Scene: Lunch hour, one summer long ago. A forlorn young man, looking like a fugitive from Goethe’s The Sorrows of Young Werther, sits alone on a bench in Bryant Park reading a Dostoyevesky novel. An adorable girl sitting on another bench and eating a sandwich notices him and approaches. “Dostoyevsky! You must be SO deep!” The young man blushes and stammers, “Well…” She places her hand over his, sending an electric charge through his body. She gazes at him raptly. “I’d love to get to know you. Let’s take the rest of the day off!”
I’m abashed, Dear Reader, to admit that that forlorn young man on the bench was your faithful blogger. And I’m even sadder to admit that that that romantic scenario never materialized. Lunch hour after lunch hour, Dostoyevsky novel after Dostoyevsky novel, I sat on a bench looking soulfully at girls and nurturing in vain the fantasy that they would notice my book and approach me. (Vain soul that I was, it never occurred to me to approach them.)

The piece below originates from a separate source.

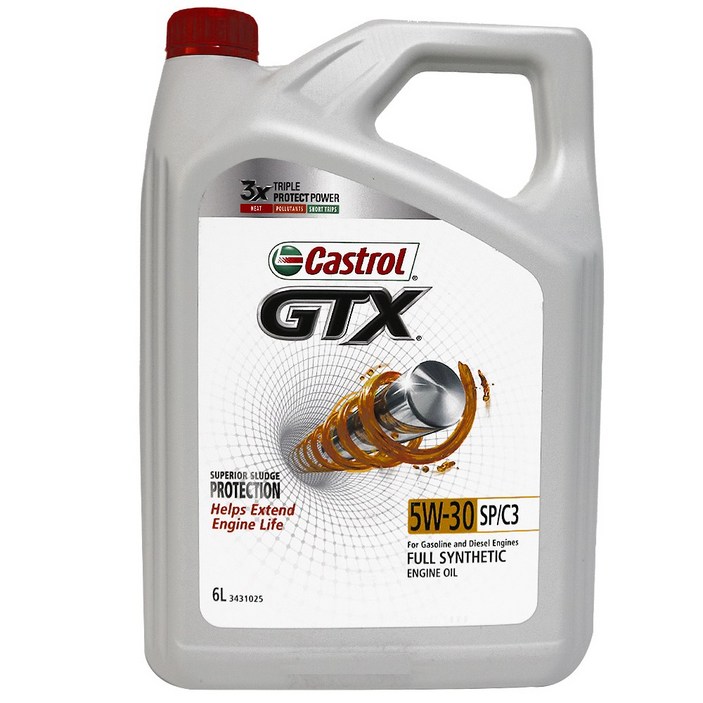캐스트롤 GTX SP C3 5W30 6L 디젤 엔진오일 캐스트롤 GTX SP C3 5W30 6L 디젤 엔진오일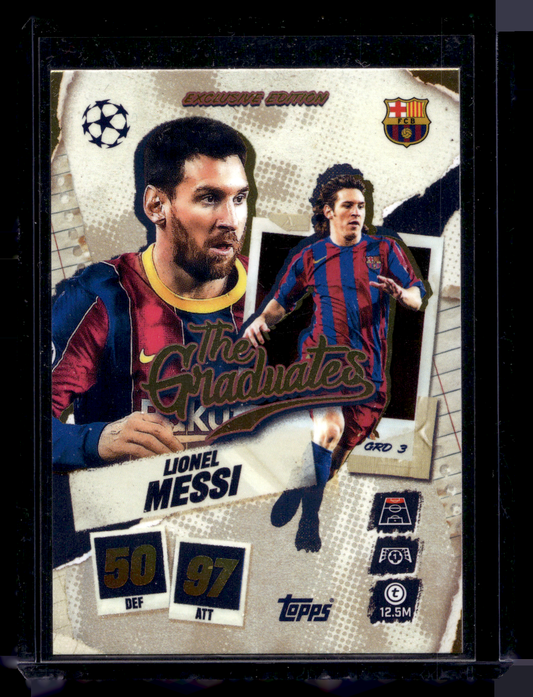 2025-26 Topps Match Attax - Exclusive Edition - The Graduates - Lionel Messi #GRD3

I’ve since learned that using book jackets as date-bait is a common ploy. Joanne Kaufman, writing in the New York Times, describes some instances:
“Michael Silverblatt, host of the weekly public radio show ‘Bookworm,’ uses the term ‘literary desire’ to describe the attraction that comes with seeing a stranger reading your favorite book or author. ‘When I was a teenager waiting in line for a film showing at the Museum of Modern Art and someone was carrying a book I loved, I would start to have fantasies about being best friends or lovers with that person,’ he said.”
And…
“David Rosenthal, the executive vice president and publisher of Simon & Schuster, recalls the advent of Vintage paperbacks, a line of literary fiction that ‘could fit precisely into the pocket of your Levi’s with the title slowing, and it was an advertisement for what kind of intellectual you were.’”

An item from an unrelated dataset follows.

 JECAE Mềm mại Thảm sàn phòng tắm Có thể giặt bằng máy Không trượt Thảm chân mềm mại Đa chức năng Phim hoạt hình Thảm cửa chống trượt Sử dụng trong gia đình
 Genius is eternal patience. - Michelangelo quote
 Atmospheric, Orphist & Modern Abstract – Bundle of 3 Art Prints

Say goodbye to that pickup tactic. As the E-Book Era unfolds, you will never again be able to form an instant impression of a stranger from the book he or she is reading, or send a signal of your own. Why? Because, in Kaufman’s words, “for the purpose of sizing up a stranger from afar, perhaps the biggest problem with Kindle or its kin is the camouflage factor: when no one can tell what you’re reading, how can you make it clear that you’re poring over the new Lincoln biography as opposed to, say, ‘He’s Just Not That Into You’?” Kaufman describes the Kindle as “the technology equivalent of a plain brown wrapper.”

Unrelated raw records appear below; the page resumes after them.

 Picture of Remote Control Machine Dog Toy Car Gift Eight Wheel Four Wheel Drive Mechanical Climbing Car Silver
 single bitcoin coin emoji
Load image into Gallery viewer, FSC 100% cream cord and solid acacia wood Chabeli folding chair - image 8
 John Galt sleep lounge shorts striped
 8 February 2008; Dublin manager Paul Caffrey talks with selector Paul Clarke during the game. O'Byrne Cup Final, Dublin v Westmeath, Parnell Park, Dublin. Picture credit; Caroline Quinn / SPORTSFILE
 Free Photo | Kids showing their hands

For her analysis of other ways that e-reading devices are affecting literary snobbism, read With Kindle, Can You Tell It’s Proust?
RC


























This article makes me smile, but then let me think that maybe from now on we’ll talk about the device I am using to read, not the book that I read.
When I read from my NOOK in public, I rarely get any reading done. I am often stopped by people who want to know about the device itself and care little for what I’m reading on it.